We are using a custom Groovy script to retrieve and filter assets from a Maven repository. We are trying to optimize the performance for the script and noticed the storage query’s execution is the culprit, regularly taking 1.5-2+ seconds to complete.

def repo = repository.repositoryManager.get("my-repo-name")
StorageFacet storageFacet = repo.facet(StorageFacet)
StorageTx tx = storageFacet.txSupplier().get()

try {
    tx.begin()

    Query.Builder query = Query.builder()
        .where("component.group").eq(request.groupId)
        .and("component.name").eq(request.artifactId)
        .and("blob_created > ").param(request.startDate)

    log.info("before query")
    Iterable<Asset> results = tx.findAssets(query.build(), [repo])
    log.info("after query")
} finally {
    tx.close()
}

We are wondering if performance is related to our usage of component.group and component.name; are these non-indexed fields?

Our custom script is primarily so we can retrieve only “recent” artifacts through a client-provided startDate value (we didn’t see a similar way to accomplish with the Search API; no way to sort by date).
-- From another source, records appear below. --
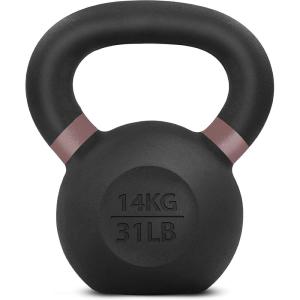 Yes4All Powder Coated Kettlebell, Cast Iron Core Kettlebells with Non-Slip Handle & Flat Bottom for Conditioning, Heavy Duty for Strength Training, 9lb to 71lb – Single & Pair(Brown)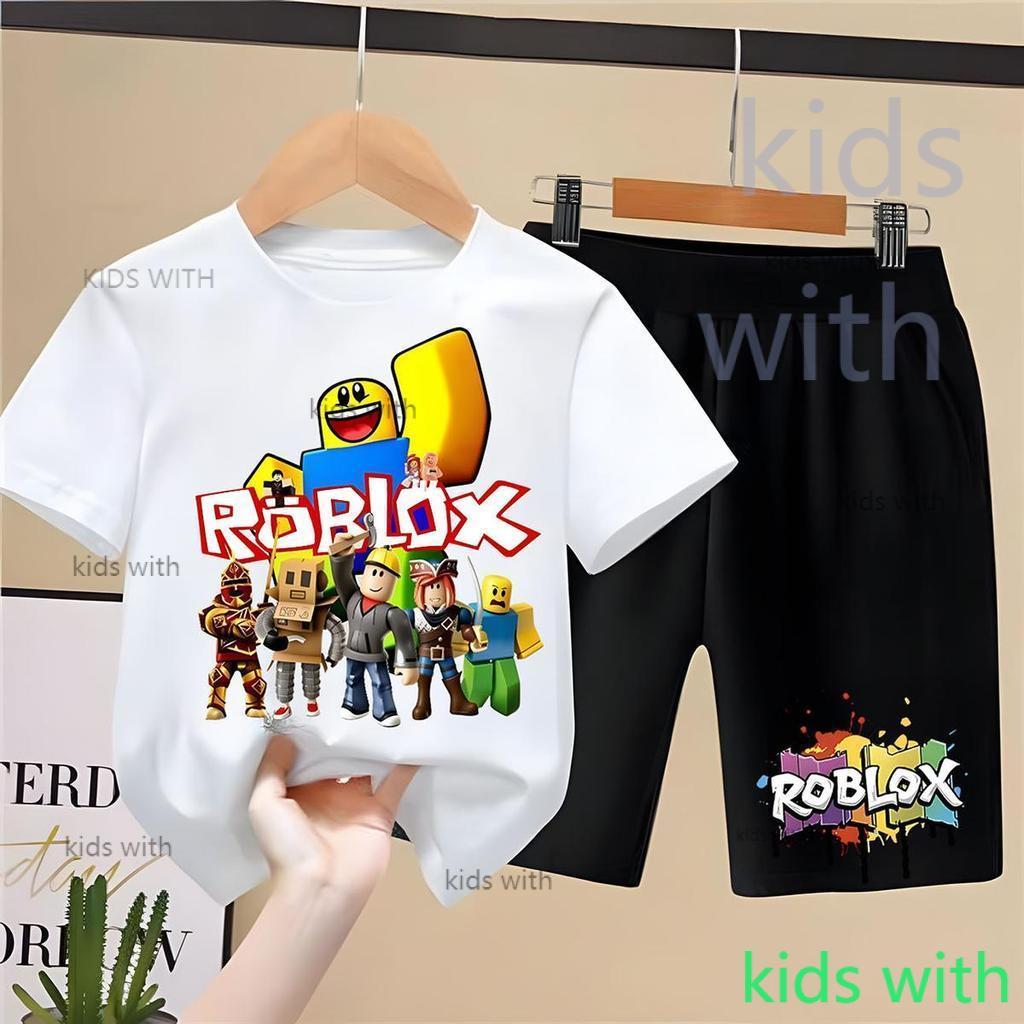 children  Robloxเสื้อยืดเด็ก คอตตอน ชุดสูทเด็กผู้ชาย ชุดลำลอง 2 ชิ้น แฟชั่น สำหรับเด็กชายตัวเล็ก ๆ เซ็ตชุดเด็ก เส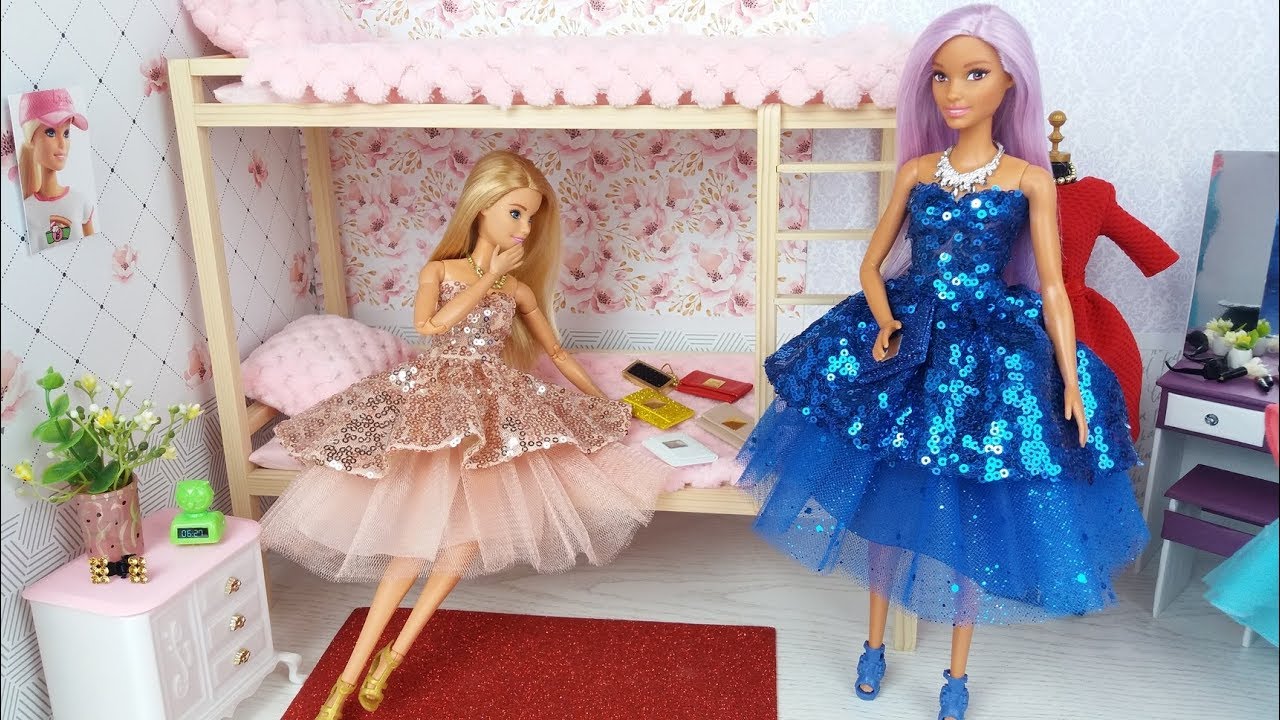 Barbie Doll Bunk Bed Morning Routine. DIY clothes for Barbie . @MyDollToysTv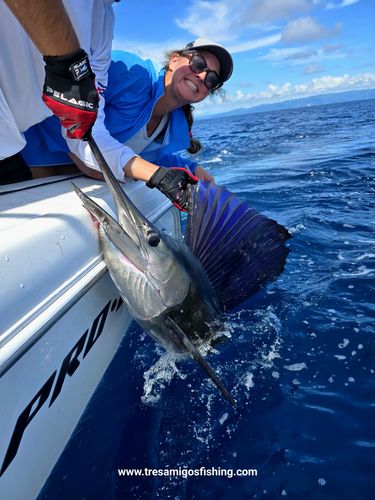 Tresamigosfishing sailfish releasing on southern Costa Rica, Osa Peninsula.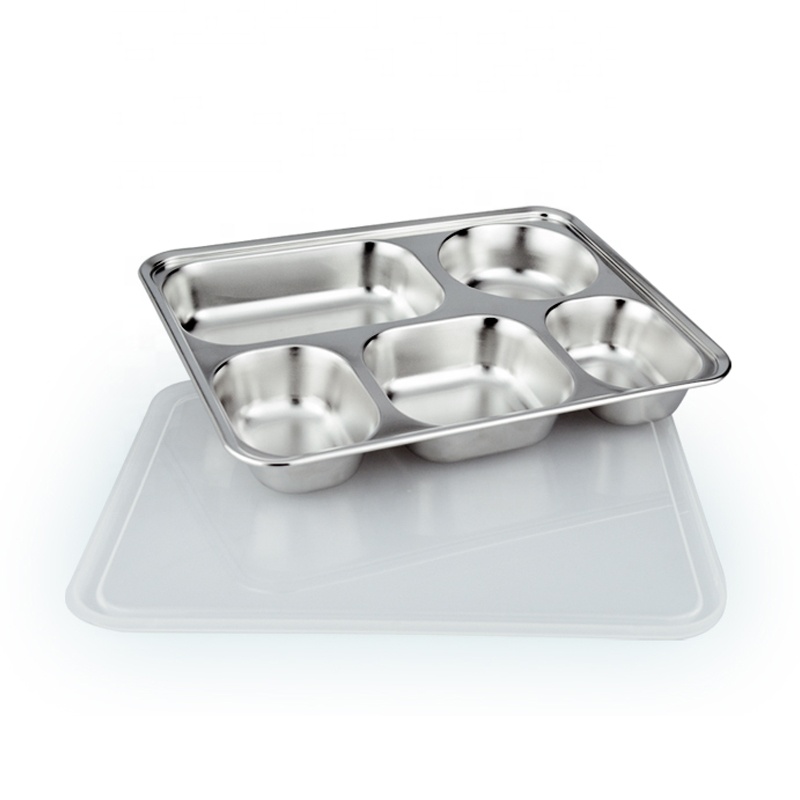 Best Price Food Grade Wholesale Stainless Steel 5 Compartments Hospital Food Tray with Lid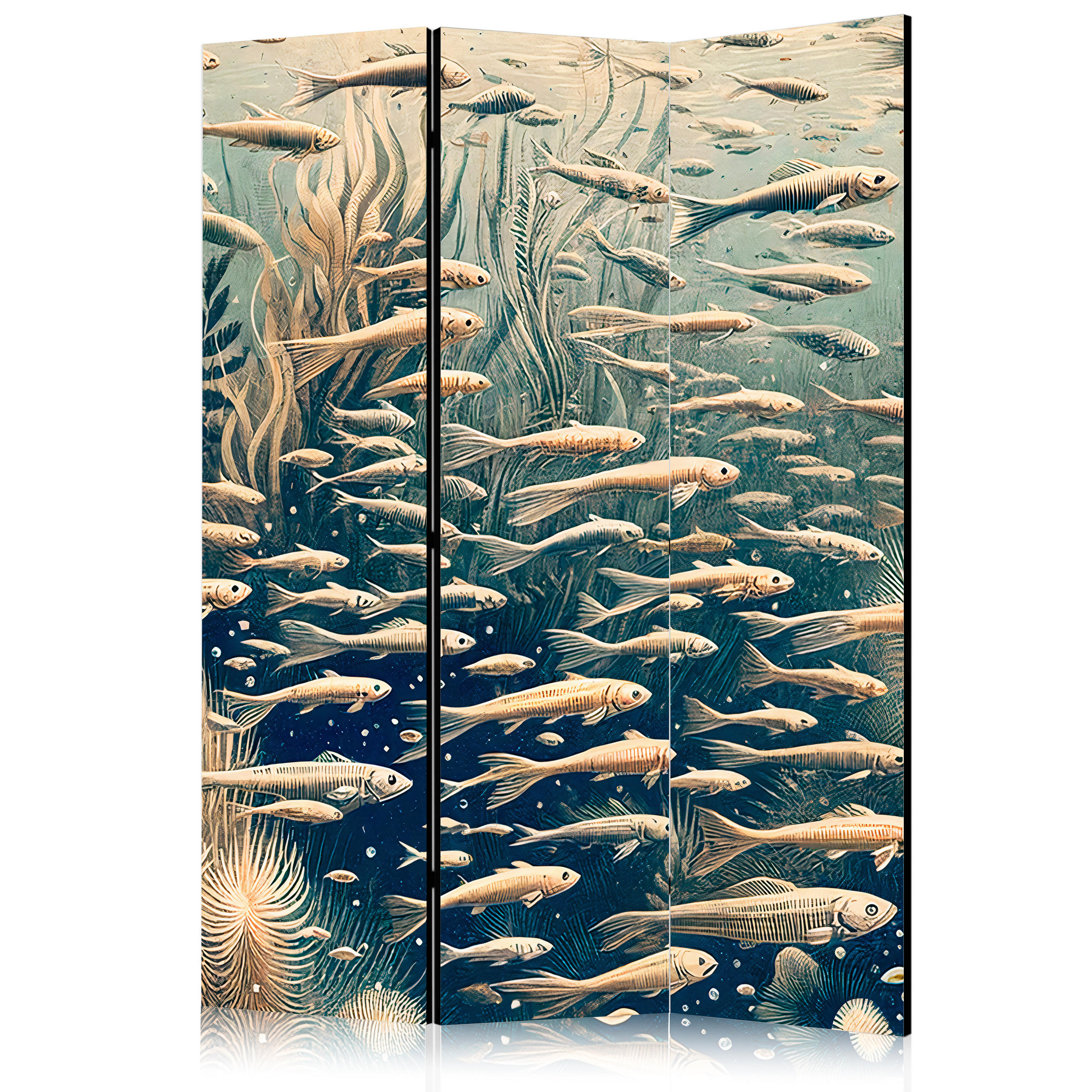 PARAVENT Einseitig Bedruckter 3-tlg 135x172 cm Fische Im Ozean Boho - Beige, Holz/Textil (135/172/3cm) - Muralo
If there is a different way to accomplish, we are interested to know!

We are using Nexus OSS with fairly standard install config. We have artifact purging for the repository for ~6 months.

Thanks!

mmartz · September 26, 2022, 1:29pm

It’s likely the blob_created field that is causing slowness. I don’t see an index against that field. You’ll probably get better performance out of a search query against elasticsearch. It’s not documented in the Search API, but it looks like you might be able to pass in lastBlobUpdated to the search API. Since it’s not documented I can’t guarantee it won’t break in a future release, but searching via <host>/service/rest/v1/search?sort=lastBlobUpdated&direction=desc or <host>/service/rest/v1/search/assets?sort=lastBlobUpdated&direction=desc seems to put the most recent components first.

rbender · October 1, 2022, 3:29pm

Thanks for the response, @mmartz!

Is there a way to limit the results, either by number or assets/components created/modified after a certain date?

I would try using only the first X results returned, but from what I can tell a search request seems to execute the whole search on the first API call, even if results are split across multiple pages. Subsequent requests to retrieve pages seem immediate where the first request seems to take longer.

Thanks!

mmartz · October 3, 2022, 2:55am

I don’t believe there is any way to pass in a limit on the query.